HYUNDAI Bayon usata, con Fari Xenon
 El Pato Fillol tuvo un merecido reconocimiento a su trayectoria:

---

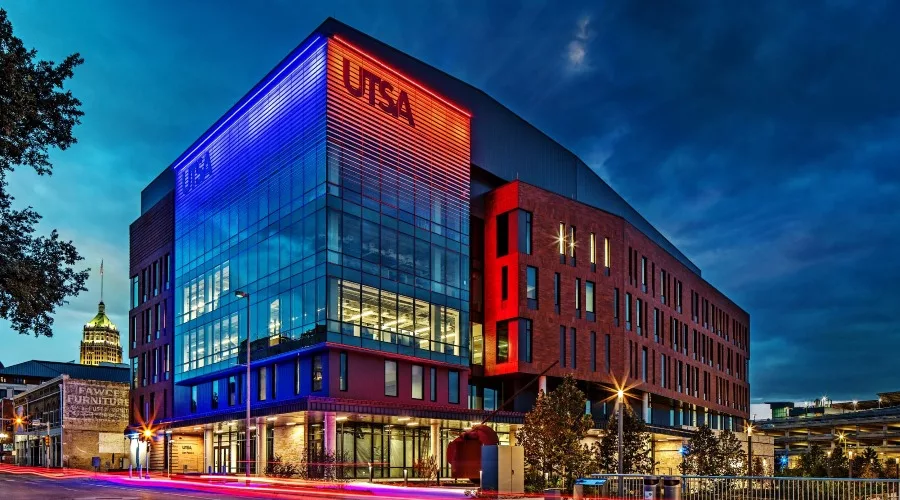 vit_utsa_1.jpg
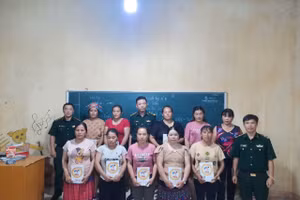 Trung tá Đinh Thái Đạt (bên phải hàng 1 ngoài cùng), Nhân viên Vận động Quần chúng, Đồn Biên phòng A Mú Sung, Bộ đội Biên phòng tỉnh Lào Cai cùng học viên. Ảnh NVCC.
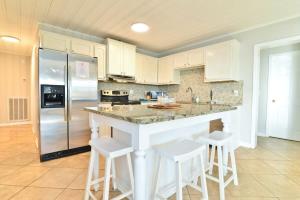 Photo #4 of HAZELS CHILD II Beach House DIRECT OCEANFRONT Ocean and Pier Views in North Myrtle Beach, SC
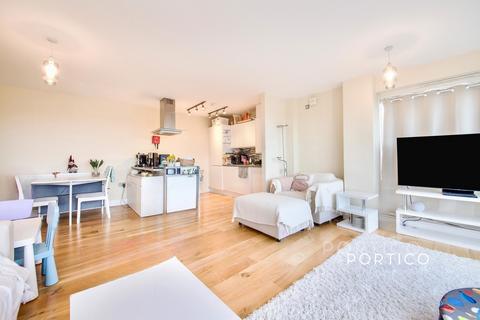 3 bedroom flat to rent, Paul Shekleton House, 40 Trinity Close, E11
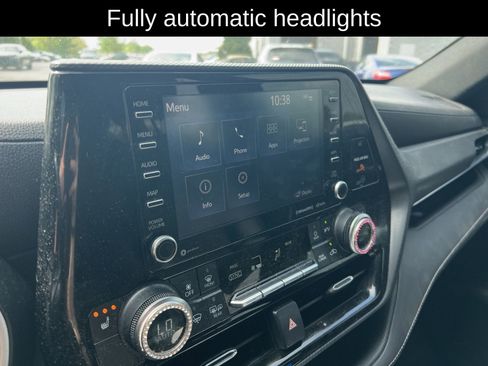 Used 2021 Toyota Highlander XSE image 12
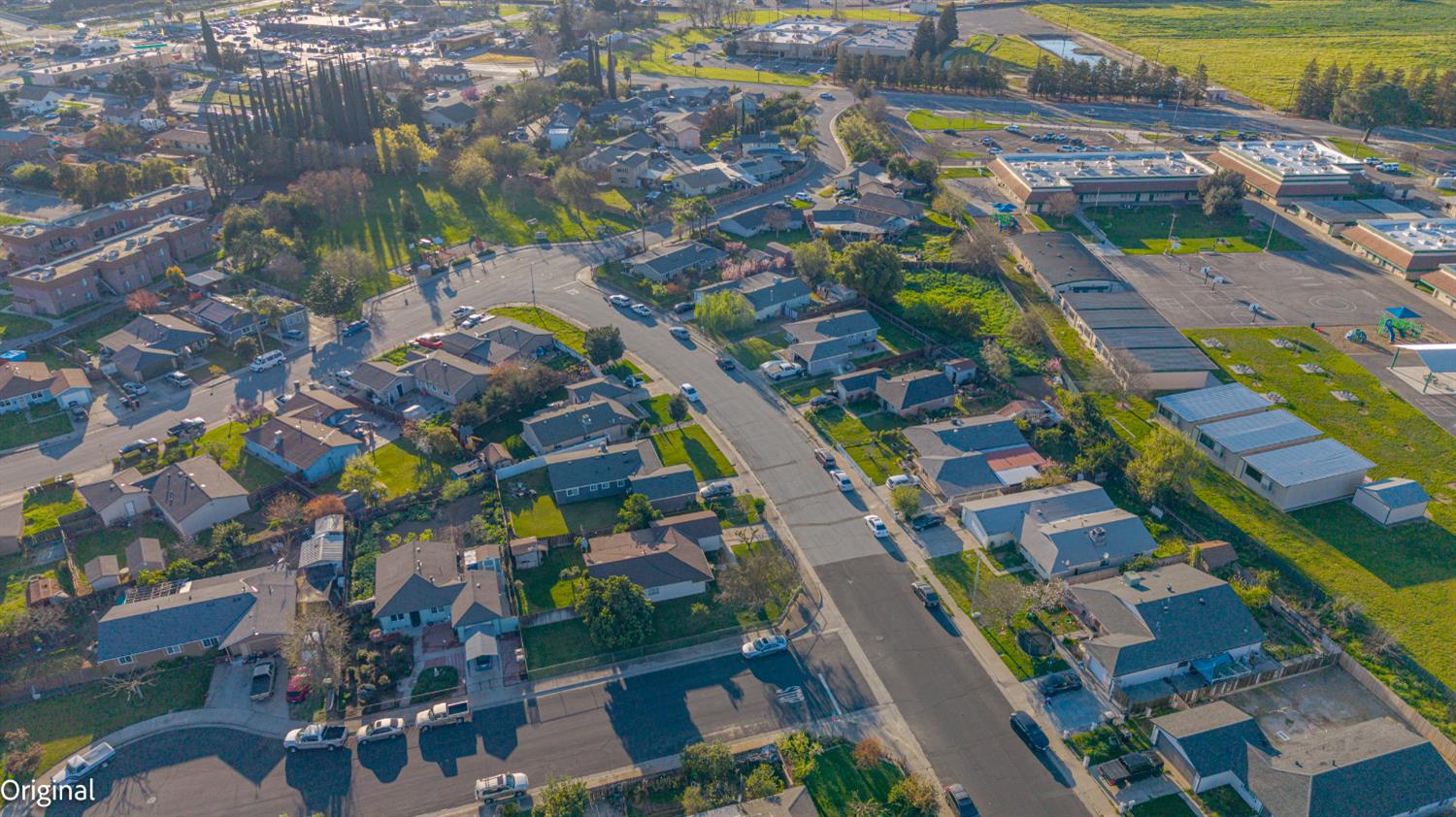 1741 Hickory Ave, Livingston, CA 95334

...

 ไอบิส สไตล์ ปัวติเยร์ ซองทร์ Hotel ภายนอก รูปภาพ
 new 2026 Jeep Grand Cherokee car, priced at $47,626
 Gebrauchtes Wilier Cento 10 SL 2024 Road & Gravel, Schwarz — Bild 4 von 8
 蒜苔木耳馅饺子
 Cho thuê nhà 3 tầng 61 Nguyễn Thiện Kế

TASK => From the records above, extract the lines from the one holding "vit_utsa_1.jpg" through the one holding "1741 Hickory Ave, Livingston, CA 95334", word for word; omit the pictures.

RESPONSE AREA =>
 vit_utsa_1.jpg
 Trung tá Đinh Thái Đạt (bên phải hàng 1 ngoài cùng), Nhân viên Vận động Quần chúng, Đồn Biên phòng A Mú Sung, Bộ đội Biên phòng tỉnh Lào Cai cùng học viên. Ảnh NVCC.
 Photo #4 of HAZELS CHILD II Beach House DIRECT OCEANFRONT Ocean and Pier Views in North Myrtle Beach, SC
 3 bedroom flat to rent, Paul Shekleton House, 40 Trinity Close, E11
 Used 2021 Toyota Highlander XSE image 12
 1741 Hickory Ave, Livingston, CA 95334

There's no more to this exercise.